There are people who think they can talk to the dead. There are people who think they can leave their bodies and enter the spirit world on demand. There are people who think they can access spirits of various kinds. Some people even think they can control these spirits. Just about everybody I can think of—even some atheists—want to know more about the spiritual side of life. So what does it mean to have a spirit, to live by the spirit, to be spiritual?
It’s probably smart for all Christians to understand, because it’s how we are called to live. After all, God himself is spirit…
John 4:24 For God is Spirit, so those who worship him must worship in spirit and in truth.”
And you and I, underneath this coating of skin and bones, we are spirit.
Romans 8:16 For his Holy Spirit speaks to our spirit and tells us that we are God’s children.
What a wild thought! Have you ever really stopped to consider what that means? That you have a spirit—that you ultimately are spirit.
I know it’s much easier to think of things in their physical sense.
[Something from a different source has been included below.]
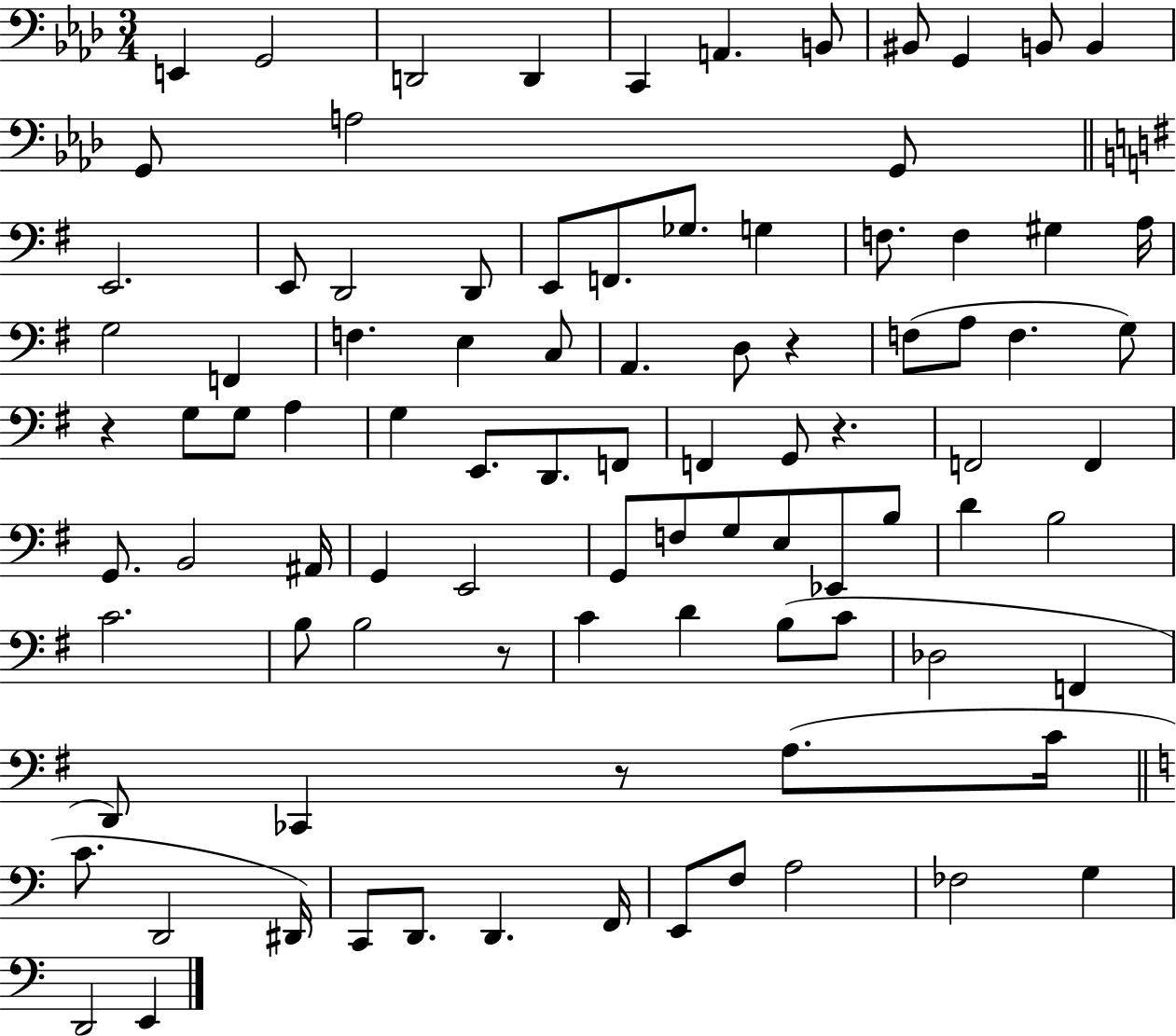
E2/q G2/h D2/h D2/q C2/q A2/q. B2/e BIS2/e G2/q B2/e B2/q G2/e A3/h G2/e E2/h. E2/e D2/h D2/e E2/e F2/e. Gb3/e. G3/q F3/e. F3/q G#3/q A3/s G3/h F2/q F3/q. E3/q C3/e A2/q. D3/e R/q F3/e A3/e F3/q. G3/e R/q G3/e G3/e A3/q G3/q E2/e. D2/e. F2/e F2/q G2/e R/q. F2/h F2/q G2/e. B2/h A#2/s G2/q E2/h G2/e F3/e G3/e E3/e Eb2/e B3/e D4/q B3/h C4/h. B3/e B3/h R/e C4/q D4/q B3/e C4/e Db3/h F2/q D2/e CES2/q R/e A3/e. C4/s C4/e. D2/h D#2/s C2/e D2/e. D2/q. F2/s E2/e F3/e A3/h FES3/h G3/q D2/h E2/q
That’s what we’re used to. We breathe and walk and bleed when we are cut. Our life is sustained by food and drink. We exercise for better health. We wear coats when we’re cold and shorts when it’s hot out. We can get sick and worn out. Understanding things as physical is second nature to us…or maybe it feels more like first nature to you.
But the truth is that the spiritual part of us is in a sense far more real than the physical. Our physical bodies wear out over time. They can develop sicknesses and sore spots. They get old and eventually die. After that they go right back to dust. In fact, the bodies that we’re used to have to die for us to continue. Like a seed that goes into the ground, we have to shed our outer shell in order to continue as spirit.
Now the average person might last a good 70 or 80 years these days. And to you and I that can seem like a good long time.
But our spirits last a whole lot longer than that. It might be difficult to comprehend, but even if we live well over 100 years, the time that our spirit goes on and on makes this physical life seem like the tiniest speck of insignificance.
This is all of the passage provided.